This is the future of ordering your Starbucks coffee

At its annual shareholders meeting on Wednesday—longtime Starbucks CEO Howard Schultz’s final shareholders meeting as CEO—Starbucks (SBUX) spent a lot of time talking tech.

The company has been pushing its technology for a while now, such as video screens that show your barista at some Starbucks drive-thru lanes, and the popularity and ease of its mobile ordering app. (Last year, an average 7 million Starbucks customers per month ordered through the mobile app; the company predicted that just a few years from now, as much as 50% of its ordering might come from smartphones.)

Starbucks began testing a new feature on the mobile app, voice ordering, a few months ago.

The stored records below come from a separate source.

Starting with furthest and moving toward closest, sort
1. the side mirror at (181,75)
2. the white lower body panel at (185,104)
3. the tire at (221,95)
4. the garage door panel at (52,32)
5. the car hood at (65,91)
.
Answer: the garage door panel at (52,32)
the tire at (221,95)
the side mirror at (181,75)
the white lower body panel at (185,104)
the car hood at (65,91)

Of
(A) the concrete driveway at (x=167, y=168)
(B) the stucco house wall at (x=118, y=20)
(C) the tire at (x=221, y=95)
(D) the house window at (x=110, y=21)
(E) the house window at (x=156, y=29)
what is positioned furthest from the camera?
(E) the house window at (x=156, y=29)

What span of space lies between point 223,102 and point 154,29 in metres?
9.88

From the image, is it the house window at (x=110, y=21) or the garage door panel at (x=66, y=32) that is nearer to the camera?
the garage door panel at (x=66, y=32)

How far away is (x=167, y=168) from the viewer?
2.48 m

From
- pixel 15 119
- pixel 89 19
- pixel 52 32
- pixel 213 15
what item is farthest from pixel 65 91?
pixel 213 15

But for now, it has only rolled out the feature to a trial run of 100,000 customers.

At its shareholders meeting, Starbucks announced its voice-ordering feature will go nationwide by the end of this year.

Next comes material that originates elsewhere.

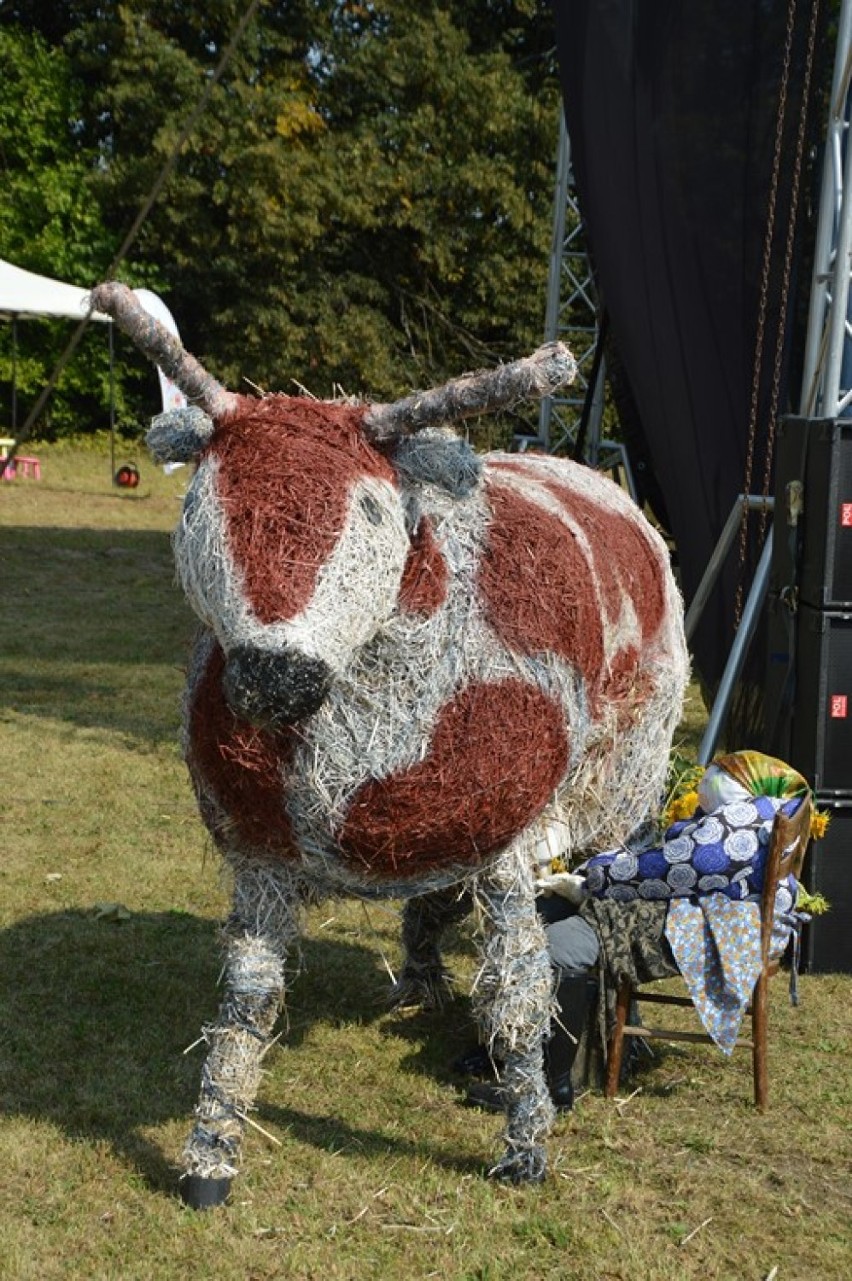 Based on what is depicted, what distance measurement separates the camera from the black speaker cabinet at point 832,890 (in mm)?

In a pre-shot video, a customer demonstrated the voice-ordering feature. Her order was far from simple. She says: “Double upside down macchiato half decaf with room and a splash of cream in a grande cup.” The app responds by showing text to confirm her order, and the app nails it perfectly. It is admittedly impressive.

Starbucks also announced it will soon roll out a similar voice-ordering feature through Amazon Alexa, as well as voice-ordering in Ford cars equipped with the automaker’s SYNC 3 entertainment system.

Outgoing Starbucks CEO Howard Schultz (AP)
Outgoing Starbucks CEO Howard Schultz (AP)

“It only takes a little imagination to think about where conversational ordering will go next,” Starbucks CTO Gerri Martin-Flickinger said. She added that the opportunity to add voice-enabled ordering on other platforms is “intriguing” to the company.

If voice-ordering via smartphone, Alexa, or car isn’t compelling enough, Starbucks also announced that it will soon allow customers to give someone a Starbucks gift card quickly and easily inside a text-message conversation.

Howard Schultz has been saying for at least two years now that Starbucks is a technology company, and while some have scoffed at the claim, new and convenient functions like these give it a lot more credibility.